Black Friday, Cyber Monday... Pas de si bonnes affaires ?

Les journées de promotions venues d'outre-Atlantique remportent un succès grandissant en Grande-Bretagne et commencent à se diffuser en France. Mais économiquement, leurs avantages restent à prouver à long terme. Surtout qu'aux Etats-Unis, le modèle s'essouffle...
Marina Torre
Malgré des ristournes sans comparaison, les ventes lors des journées suivant Thanksgiving ne se sont pas révélées à la hauteur des attentes aux Etats-Unis.
Malgré des ristournes sans comparaison, les ventes lors des journées suivant Thanksgiving ne se sont pas révélées à la hauteur des attentes aux Etats-Unis. (Crédits : reuters.com)

Il a fallu que les "Bobbies" ramènent le calme. Au Royaume-Uni, les promotions lancées par les grandes chaînes de distribution à l'occasion du Black Friday ont attiré des foules de consommateurs avides, prêts à tout pour faire leurs emplettes de Noël à moindre frais, quitte à en venir aux mains et nécessiter l'intervention de la police. Amazon de son côté, déclare avoir enregistré outre-Manche son plus gros chiffre de l'année avec 5,5 millions de produits commandés (jusqu'à 64 par secondes). Dans le pays, cette opération a été lancée quatre ans plus tôt. "Depuis (...) les ventes ont grimpé d'année en année, mais celle-ci a dépassé nos attentes", s'est félicité Xavier Garambois, vice-président de la distribution en Europe pour le groupe américain au micro de la BBC, qui ne détaille pas les chiffres de vente. Au total, la compagnie Visa anticipe un chiffre d'affaire de 480 millions de livres pour ce seul vendredi.
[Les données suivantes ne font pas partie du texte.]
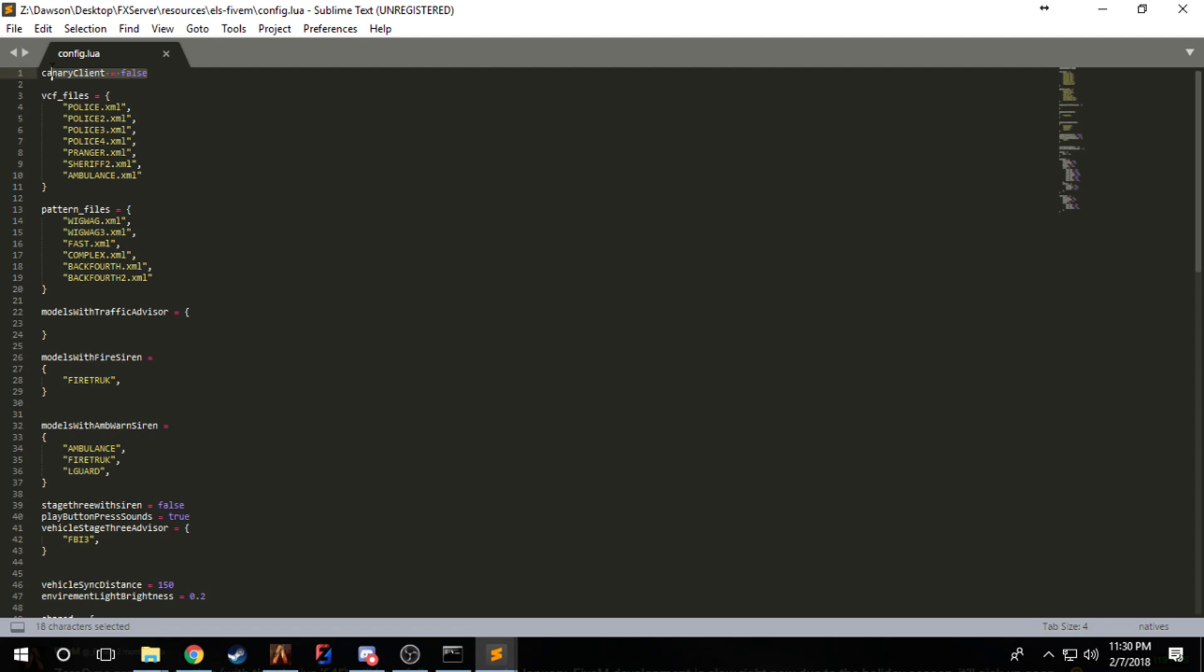I'm just going to quickly cover the configuration file. If you're running canary client, up here this is going to be for things like the vehicle repair. Most people don't realize that the vehicle repair causes the door glitching, but if you enable this and all the clients that connect on your server are running the canary client, the beta version of FiveM, it'll be able to have the vehicle fix in it.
Cela représente près de trois fois plus qu'un jour moyen pendant l'année, selon les calculs du cabinet de recherche Euromonitor.
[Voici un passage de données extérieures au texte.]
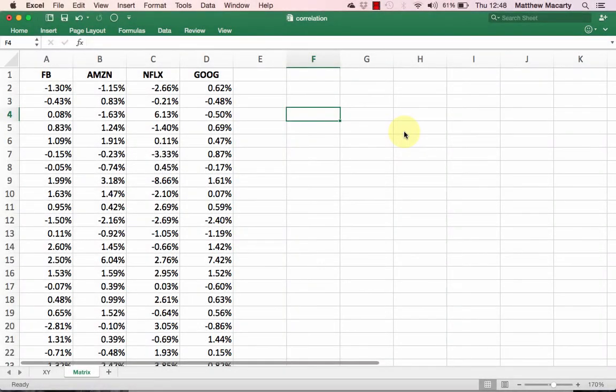I'm going to show you how to use the correlation matrix tool that's part of the Excel data analysis tool pack.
 Si ce concept américain a remporté un succès inattendu le 28 novembre pour certaines entreprises britanniques, il convainc relativement moins en France. " L'influence de ces journées de promotion grandit, mais surtout en Grande-Bretagne", relève Michelle Beeson, analyste au cabinet Forrester.

 Amazon introduit le concept

Certes, dans l'Hexagone aussi des commerçants, surtout en ligne, s'y mettent timidement, à commencer par Amazon. Etant dans le pays " l'une des premières sources de recherche en ligne avant un achat éventuel, la publicité pour le Black Friday y bénéficiera d'une très forte exposition", note la spécialiste de la distribution. Dans le même ordre d'idée, le mastodonte chinois Alibaba tente d'exporter hors de ses frontières le "Single's day", jours des célibataires qui a lieu le 11 novembre.
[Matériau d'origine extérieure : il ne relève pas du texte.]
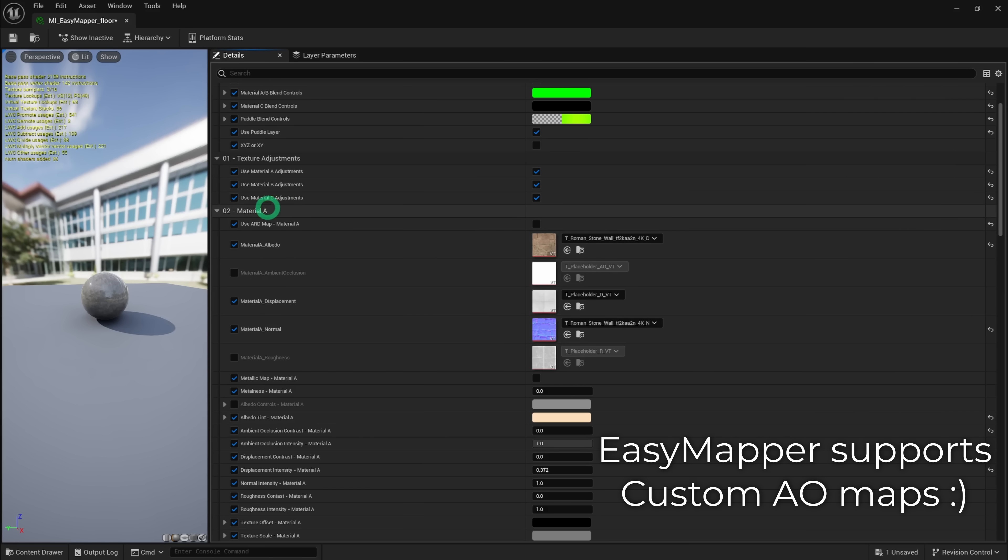Unfortunately, Unreal seems to use the CPU to bake the AO maps, which makes it a lot slower than the GPU baking that other apps like Substance Painter and Designer use. But I mean, it's amazing to have this baking feature built directly into the engine. I didn't even know it existed until recently.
Toutefois, en Europe et " surtout en France, la réglementation des soldes et promotions pendant l'année sont de nature à limiter la progression des ventes " lors de ces journées spéciales estime Michelle Beeson. En France, il est normalement interdit de vendre à perte. La période des soldes n'est officiellement autorisée qu'à deux moments dans l'année en hiver et en été, auxquelles s'ajoutent des soldes flottants. Les commerçants choisissent généralement de les accoler aux officielles.

Effet d'aubaine

En outre, économiquement, l'affaire ne serait pas si juteuse qu'elle y paraît à première vue.  Car certes, ces opérations ont pour objectif d'écouler en très peu de temps de vastes stocks de produits, tout en espérant conserver des marges suffisantes grâce à une explosion des recettes. Surtout dans la période cruciale précédent noël "quand les consommateurs attendent la dernière minute, ou même le mois de janvier" pour faire leurs emplettes, précise Raphael Moreau, chez Euromonitor.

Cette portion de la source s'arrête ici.